The problem is that inode->i_data.nrpages can become negative. I have
got here -6 truncating a file of 384MB.

This patch deals with this problem, and try to do truncate_inode_pages
safe.

Notice that the function only works for truncate complete files, I
have left the old function for the partial case.  If people think that
this function is OK, I will incorporate the partial case.  I have no
done it because I want feedback from the MM people and the FS people,
and the algorithms for complete files are cleaner.

I would like to now if it is possible to have a locked buffer without
the page being locked, i.e.  If I can manipulate the buffers in one
page without locking them when I have the page lock. (I don't think
so, and then I have to lock also buffers).

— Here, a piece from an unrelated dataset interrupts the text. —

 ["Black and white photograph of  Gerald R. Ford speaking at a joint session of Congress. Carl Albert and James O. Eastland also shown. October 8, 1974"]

With this patch things are rock solid here.

This patch does:

- defines a new function: discard_buffer, it will lock the buffer
  (waiting if needed) and remove the buffer from all the queues.
  It is like unmap_buffer, but makes sure that we don't do any IO
  and that we remove the buffer from all the lists.

- defines a new function: block_destroy_buffers: it is a mix of
  block_flushpage and do_try_to_free_pages.  It will make all the
  buffers in that page disappear calling discard_buffer.  Notice the
  way that we iterate through all the buffer heads.  I think that it
  is not racy, but I would like to hear comments from people than know
  more about buffer heads handling.

- It changes __remove_inode_pages to check that there are not buffers
  in that page.  Users of the function must make sure about that.  It
  changes all the callers of the function satisfy that requirement.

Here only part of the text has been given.